Conte ha scelto di contrapporsi alla capolista in modo speculare, ripristinando la parità numerica uomo contro uomo, in virtù del medesimo sistema di gioco. Cioè, il 3-5-2. Anche se schierare Gilmour – solo in apparenza da mezzala – invece di Billing nasconde l’intenzione di imbrigliare gli ospiti attraverso una struttura fluida. In effetti, lo scozzese interpreta il ruolo in maniera assai diversa rispetto all’ex Bournemouth. Così, la costruzione muta continuamente proprio grazie alle rotazioni dei due centrocampisti. Per sottrarsi alla pressione avversaria, a turno, si scambiano la posizione. Uno si abbassa in appoggio alla difesa, con compiti di regia. Mentre l’altro, muovendosi maggiormente da interno, funge da valvola di sicurezza per un appoggio sul breve. I concetti che vogliono sviluppare i partenopei sono abbastanza chiari: con la palla, il focus principale non è la semplice gestione del possesso. Bensì il tentativo di finalizzarlo per aprire spazi da saturare poi con gli inserimenti da dietro.
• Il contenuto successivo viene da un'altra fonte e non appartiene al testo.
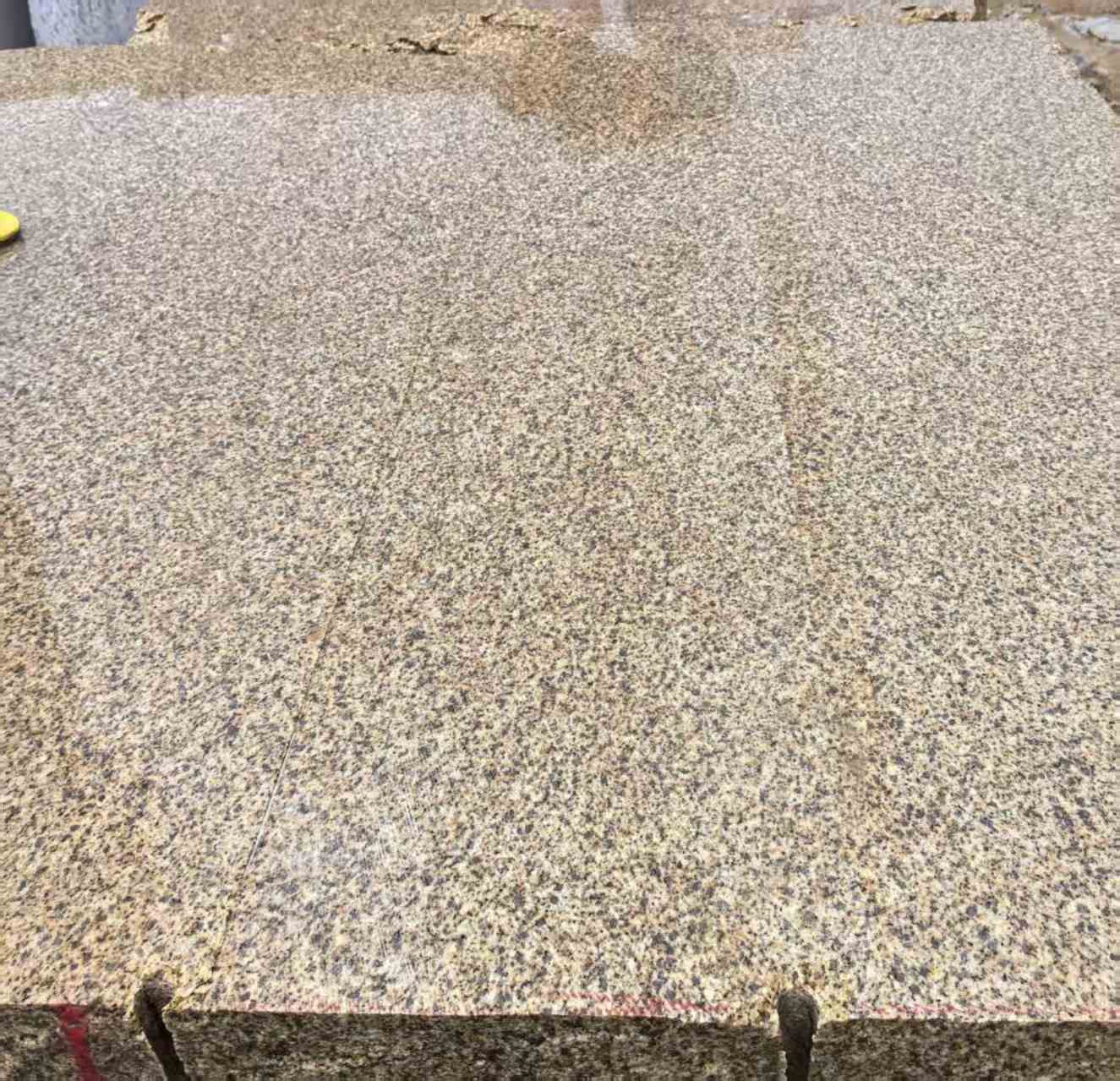 贺州 黄金麻花岗岩石材方料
Conte imbriglia la capolista
Insomma, la soluzione utilizzata da Conte è funzionale ad attuare un calcio propositivo sin dalla fase difensiva. Sul versante opposto rimane proverbiale la verticalità dell’Inter. Una squadra che basa tutta la sua forza sulla capacità di fare densità laterale e creare sovraccarichi, con l’obiettivo di sfondare il lato forte o attaccare quello debole. In tal senso, il comportamento dei nerazzurri è tipico di chi alza costantemente il pressing, invitando i padroni di casa a scaricare la palla in una precisa porzione di campo. E dopo chiudergli ogni linea di passaggio, rendendogli impossibile uscire in modo pulito.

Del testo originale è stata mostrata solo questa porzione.